- [Data items]:
+===+

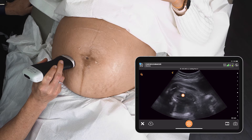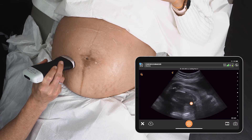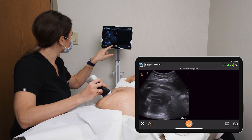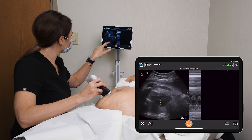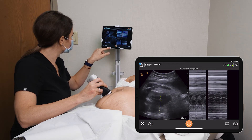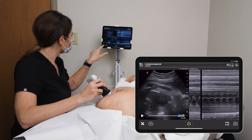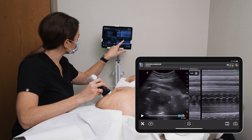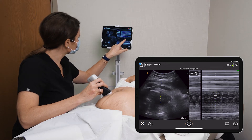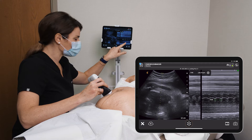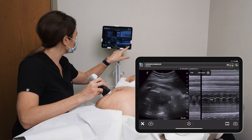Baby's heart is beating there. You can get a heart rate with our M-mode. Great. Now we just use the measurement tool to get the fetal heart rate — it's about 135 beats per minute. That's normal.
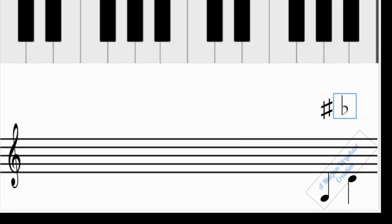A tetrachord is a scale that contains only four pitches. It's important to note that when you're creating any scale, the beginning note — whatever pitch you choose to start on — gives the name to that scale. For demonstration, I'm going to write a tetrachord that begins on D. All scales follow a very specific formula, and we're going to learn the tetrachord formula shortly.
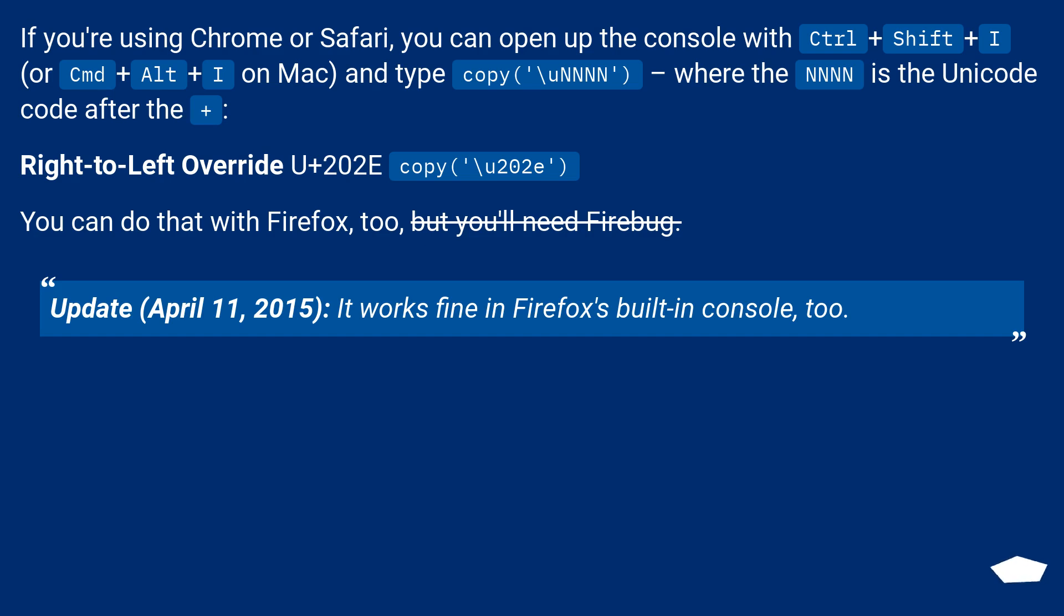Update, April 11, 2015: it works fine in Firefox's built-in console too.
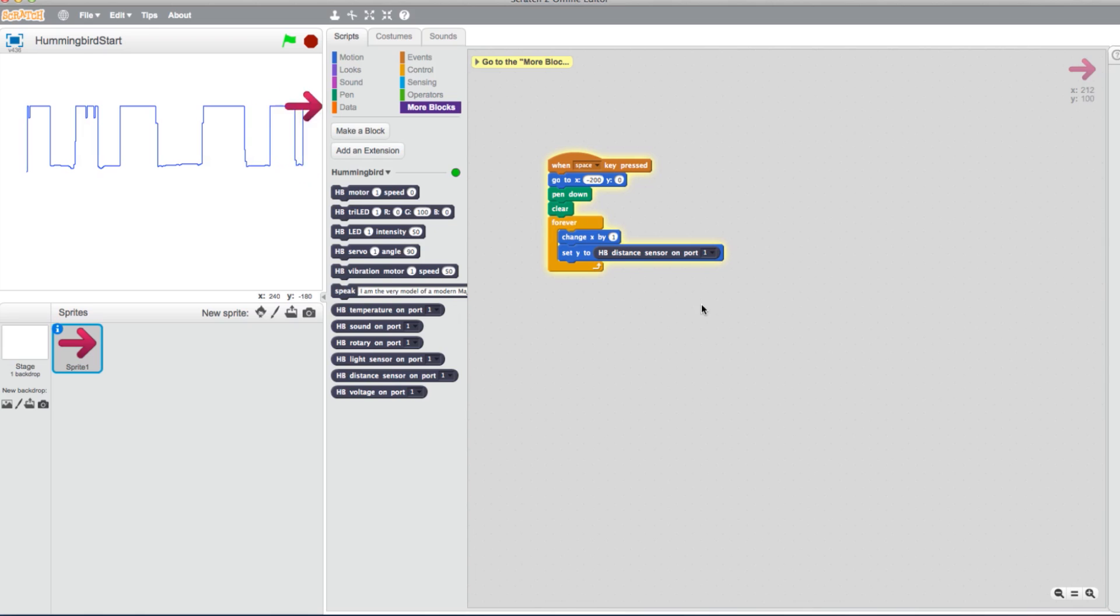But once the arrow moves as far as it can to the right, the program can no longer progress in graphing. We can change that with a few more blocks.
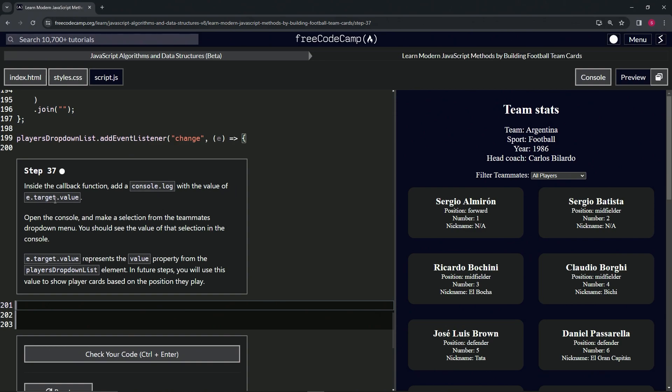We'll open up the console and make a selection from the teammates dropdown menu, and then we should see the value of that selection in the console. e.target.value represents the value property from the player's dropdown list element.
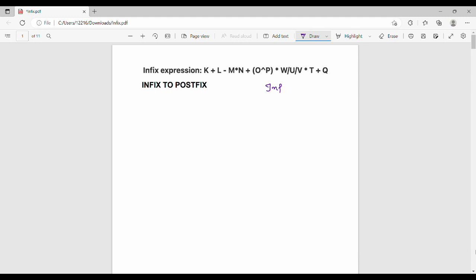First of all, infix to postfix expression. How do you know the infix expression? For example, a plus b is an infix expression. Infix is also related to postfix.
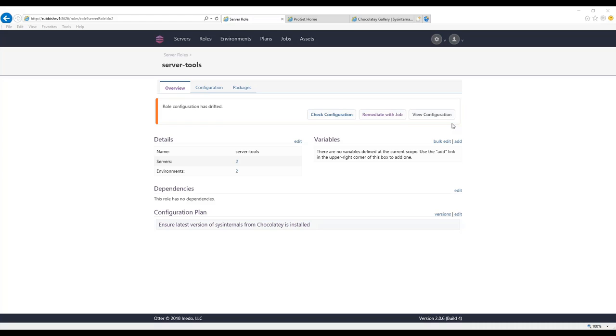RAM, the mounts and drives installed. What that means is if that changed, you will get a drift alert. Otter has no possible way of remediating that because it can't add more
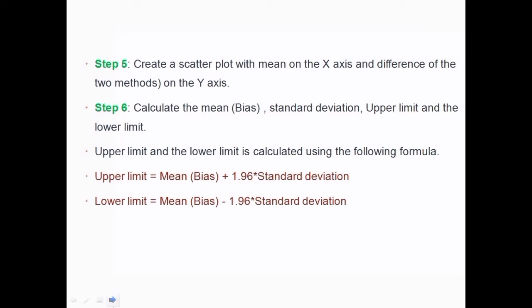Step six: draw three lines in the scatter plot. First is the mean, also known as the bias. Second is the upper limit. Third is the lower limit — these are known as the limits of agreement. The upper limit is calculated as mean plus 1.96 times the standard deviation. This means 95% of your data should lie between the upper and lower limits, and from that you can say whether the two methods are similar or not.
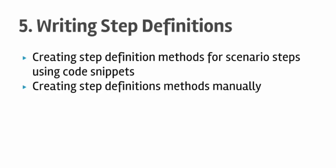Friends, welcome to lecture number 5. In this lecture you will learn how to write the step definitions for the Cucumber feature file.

+===+

- [Task prompt]:
From the first line to the last, repeat the data above exactly and leave the pictures out.

- [Response box]:
Baby's heart is beating there. You can get a heart rate with our M-mode. Great. Now we just use the measurement tool to get the fetal heart rate — it's about 135 beats per minute. That's normal.
A tetrachord is a scale that contains only four pitches. It's important to note that when you're creating any scale, the beginning note — whatever pitch you choose to start on — gives the name to that scale. For demonstration, I'm going to write a tetrachord that begins on D. All scales follow a very specific formula, and we're going to learn the tetrachord formula shortly.
Update, April 11, 2015: it works fine in Firefox's built-in console too.
But once the arrow moves as far as it can to the right, the program can no longer progress in graphing. We can change that with a few more blocks.
We'll open up the console and make a selection from the teammates dropdown menu, and then we should see the value of that selection in the console. e.target.value represents the value property from the player's dropdown list element.
First of all, infix to postfix expression. How do you know the infix expression? For example, a plus b is an infix expression. Infix is also related to postfix.
RAM, the mounts and drives installed. What that means is if that changed, you will get a drift alert. Otter has no possible way of remediating that because it can't add more
Step six: draw three lines in the scatter plot. First is the mean, also known as the bias. Second is the upper limit. Third is the lower limit — these are known as the limits of agreement. The upper limit is calculated as mean plus 1.96 times the standard deviation. This means 95% of your data should lie between the upper and lower limits, and from that you can say whether the two methods are similar or not.
Friends, welcome to lecture number 5. In this lecture you will learn how to write the step definitions for the Cucumber feature file.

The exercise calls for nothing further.